= Supplied information =
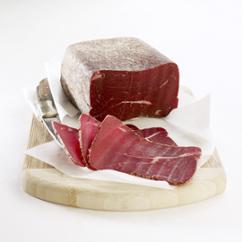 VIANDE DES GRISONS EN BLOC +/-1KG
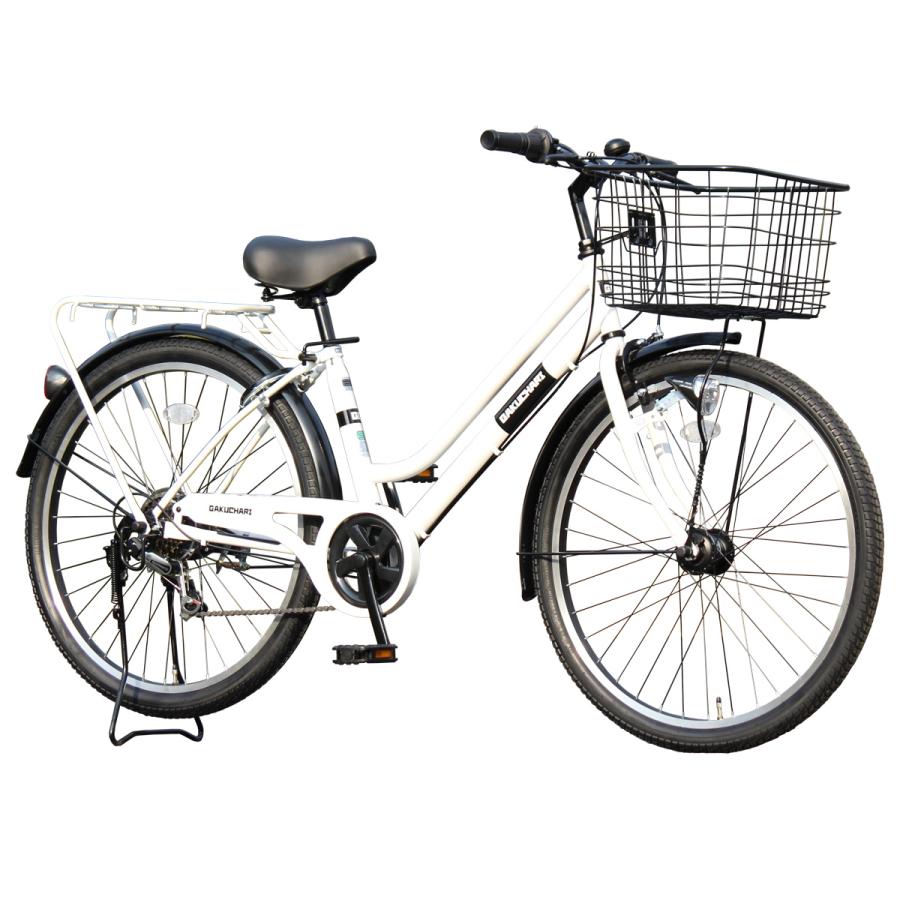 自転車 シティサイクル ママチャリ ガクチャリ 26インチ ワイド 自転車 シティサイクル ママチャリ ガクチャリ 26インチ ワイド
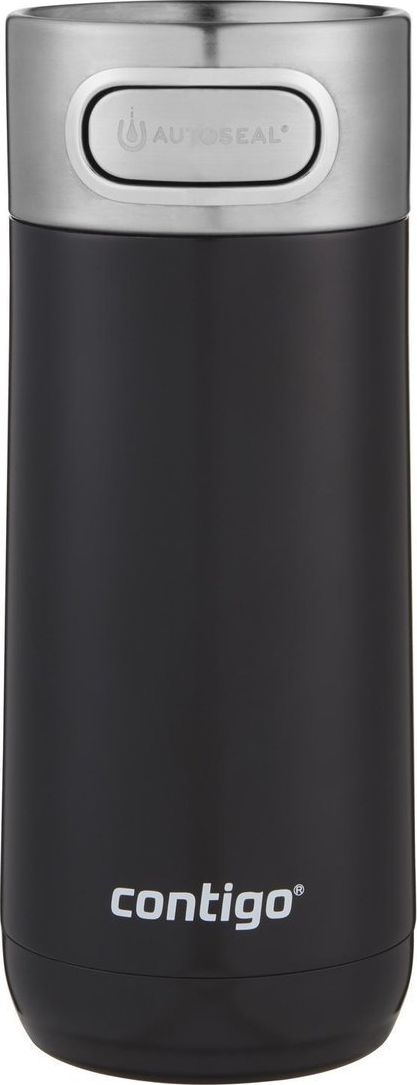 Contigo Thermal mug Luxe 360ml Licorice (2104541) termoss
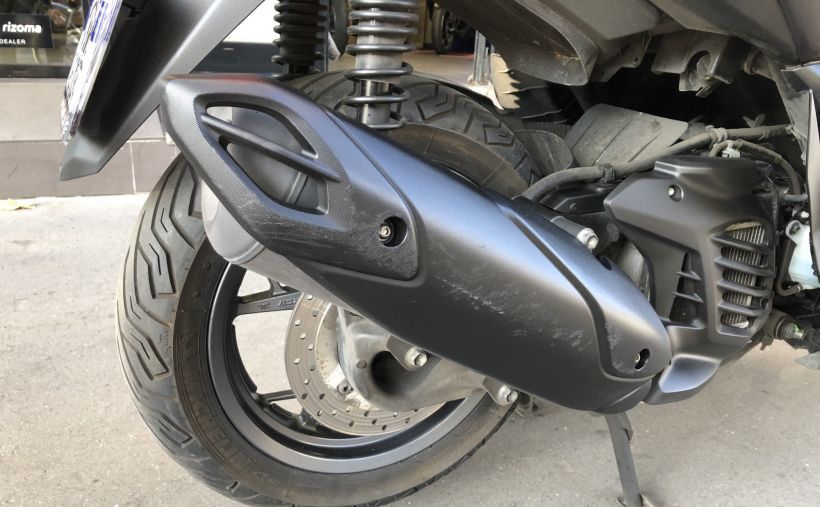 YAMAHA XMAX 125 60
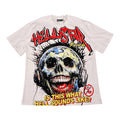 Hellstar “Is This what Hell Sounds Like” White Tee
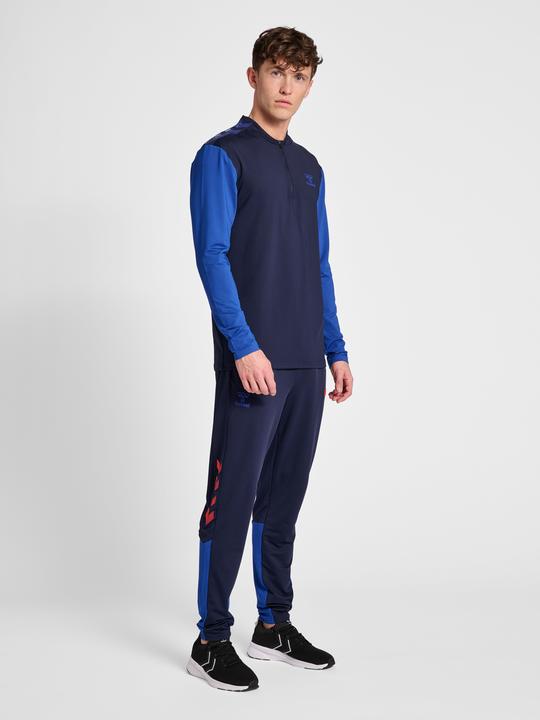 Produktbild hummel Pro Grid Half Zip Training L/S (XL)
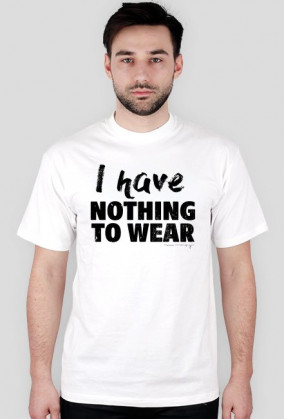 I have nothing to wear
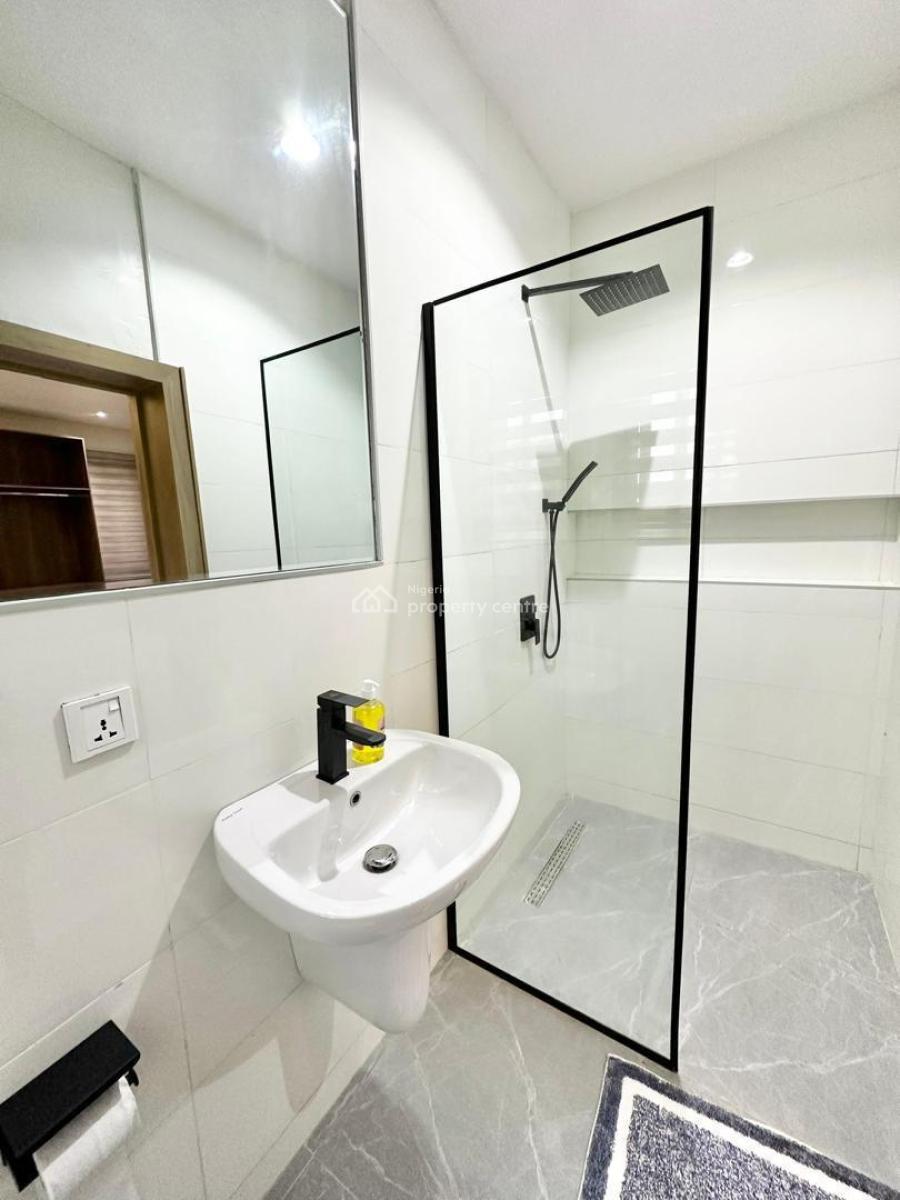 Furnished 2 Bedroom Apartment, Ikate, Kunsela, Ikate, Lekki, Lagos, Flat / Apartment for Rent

= Assignment =
From the first line above down to the line with "I have nothing to wear", reproduce every line and no others, omitting pictures.

= Exercise output =
 VIANDE DES GRISONS EN BLOC +/-1KG
 自転車 シティサイクル ママチャリ ガクチャリ 26インチ ワイド 自転車 シティサイクル ママチャリ ガクチャリ 26インチ ワイド
 Contigo Thermal mug Luxe 360ml Licorice (2104541) termoss
 YAMAHA XMAX 125 60
 Hellstar “Is This what Hell Sounds Like” White Tee
 Produktbild hummel Pro Grid Half Zip Training L/S (XL)
 I have nothing to wear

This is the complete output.